I don't know where to start because nearly every part of the book was great in its own way. I will definitely use this on the A.P. Lit exam's open-ended question if I can.
Like most people I saw the movies ( the first two; the third one doesn't count!) before reading Puzo's book. They were truly great movies (the first one was number 3 on A.F.I.'s top 100 movies), which convinced me that the book they were based on must be great too if Francis Ford Coppola was able to make two landmark films out of it (it helped to have Puzo as his other screenwriter). That was what got me started on the book and I was glad that I finished it because Coppola left many parts out, which makes sense.
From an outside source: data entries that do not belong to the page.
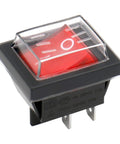 Rocker Switch On Off DPST 4 Terminals With Red Indicator Light 16A 250VAC Weatherproof Cover visible with red indicator and terminals.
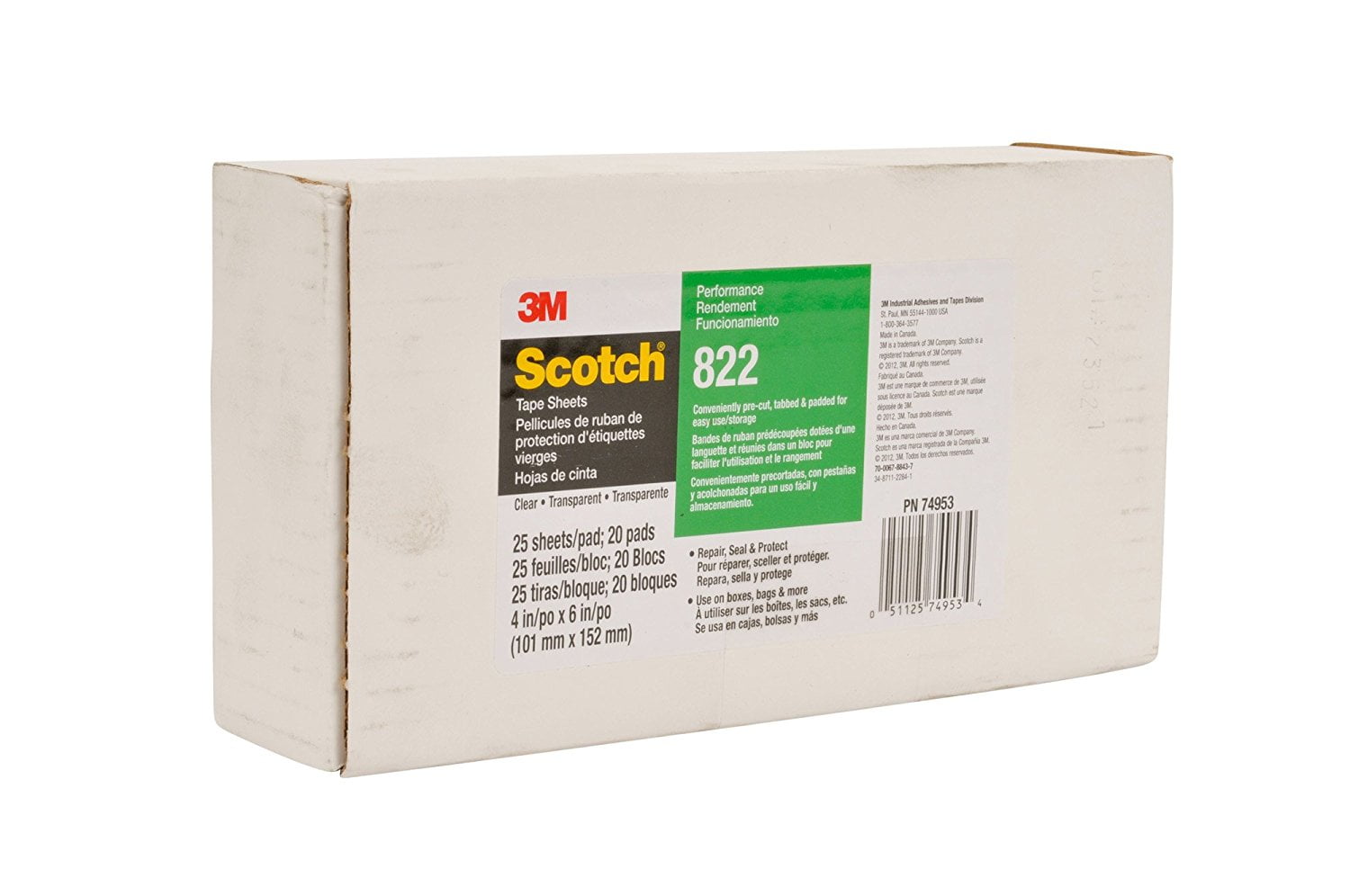 3M Tape Sheets 822 Clear, 4 in x 6 in, Conveniently Packaged (Pack of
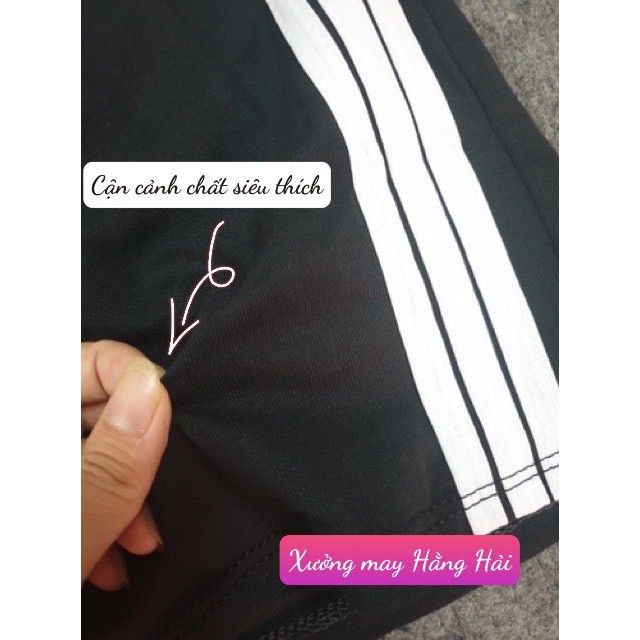 Quần Đùi 3 Sọc RAINBOW Nam Nữ Unisex 🌸 quần Shorts ống rộng ulzzang cạp chun lưng cao trơn basic màu ĐEN🌸 freeship🌸 sale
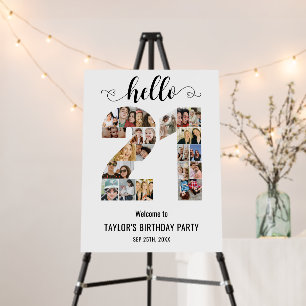 21st Birthday Number 21 Photo Collage Black White Foam Board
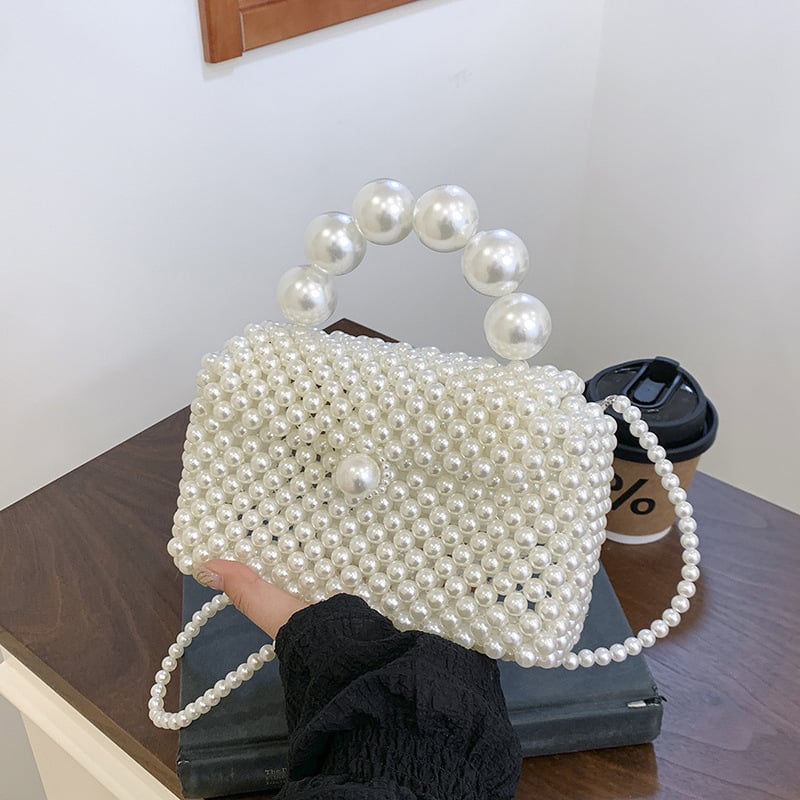 2025 Ručno pletena ženska torbica za rame, crossbody torba, luksuzna torba s perlama, mini četvrtasta torba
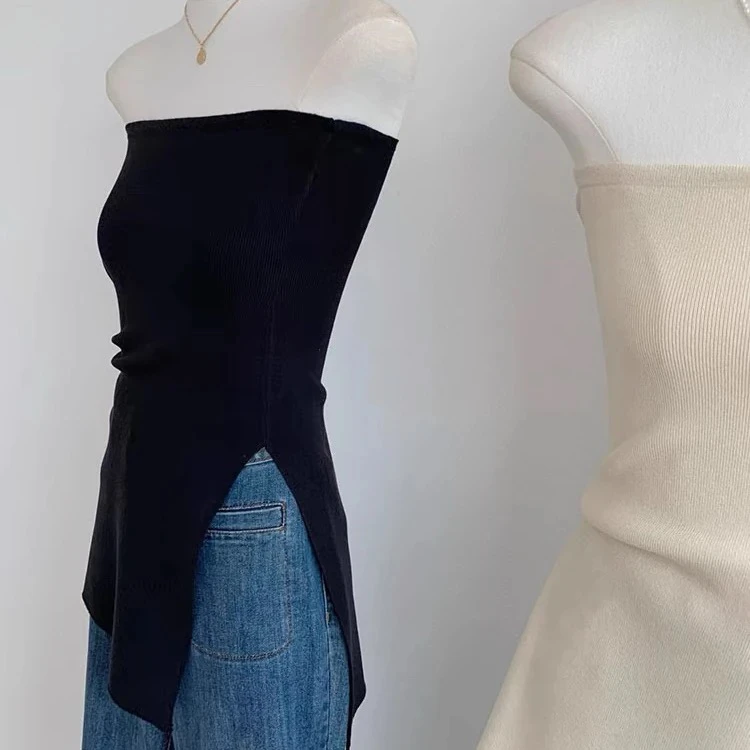 法式修身显瘦抹胸背心女夏季外穿无袖开叉上衣潮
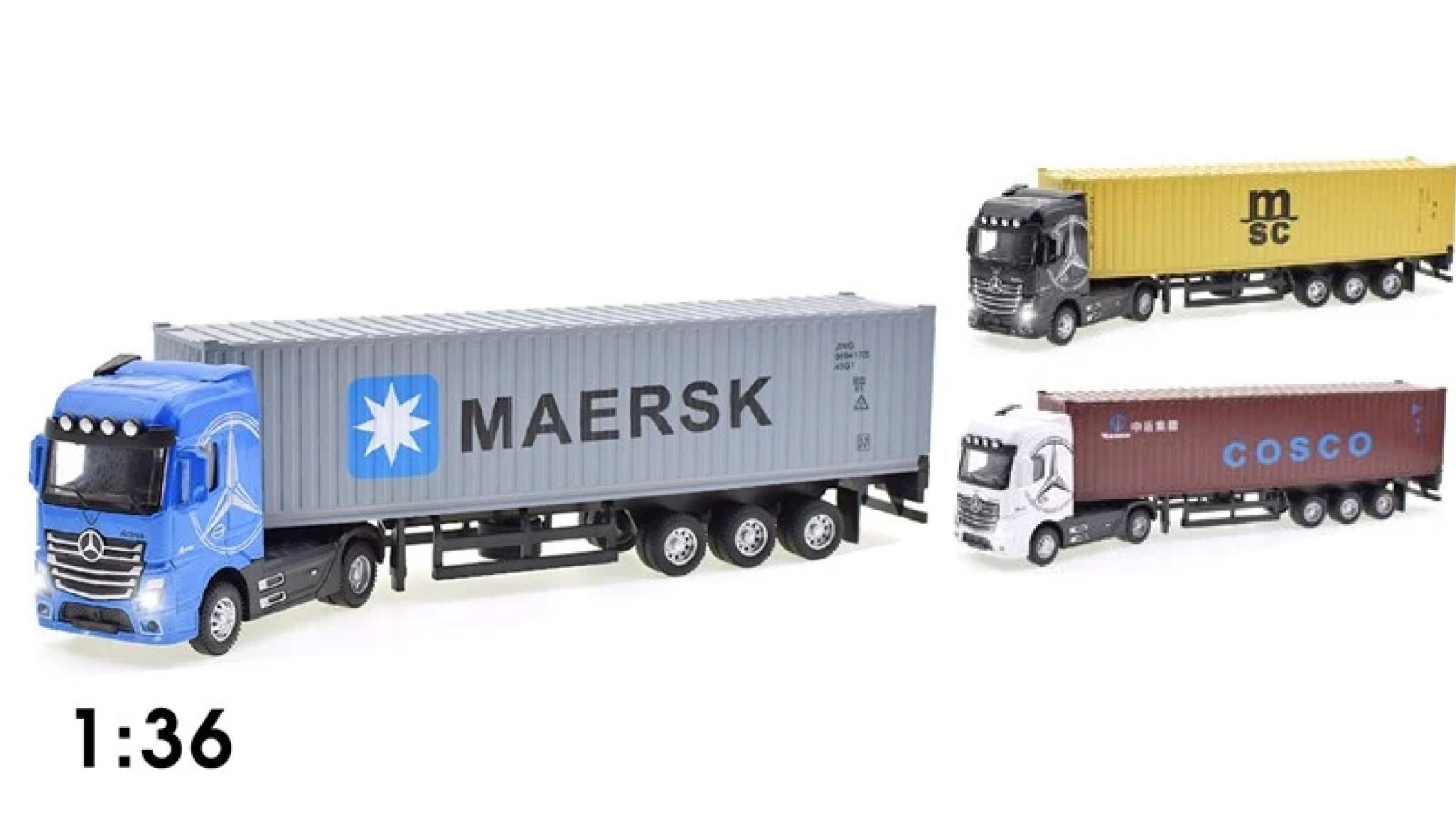 Mô hình xe đầu kéo container Mecedes Ben Actros có đầu kim loại 31x6x8cm tỉ lệ 1:36 8230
The novel didn't seem like a novel at all, that was how good a portrayal of the Italian Mafia it was. It is known that Puzo did base the book off of a Mafia crime family that did control New York in the early 1900's, but that does not detract from its awesomeness. Sadly one of the aspects of The Godfather I liked the most was its graphic nature (the horse head in Jack Woltz's bed was crazy). This leads me to discuss the killings. This was the best part of the story by far. Everything was described as if it really happened.
Even though I knew the plot very well from having seen the movies so many times, I liked reading the back stories of certain characters (Luca Brazi was not given enough time on the screen!). It was also interesting to find out that most of the second movie was not in the book, but rather was created by Coppola and Puzo in order to continue Michael Corleone's story. The text itself ends with Michael in Nevada with Kay and his children and one is unsure if things fall apart between them or not. Without writing another book, Puzo uses The Godfather: Part II to show how Don Michael uses his power and to show what he loses by being a mobster.
Overall I love The Godfather because it never lost my interest as a reader. I knew the entire story but was not bored even for a second. All of the characters were well-developed and the narrator followed most of them until they died. Even the minor characters were explored in just as many pages as the major ones. I would recommend this book to all those that want a story with action, betrayal, and an unhappy ending.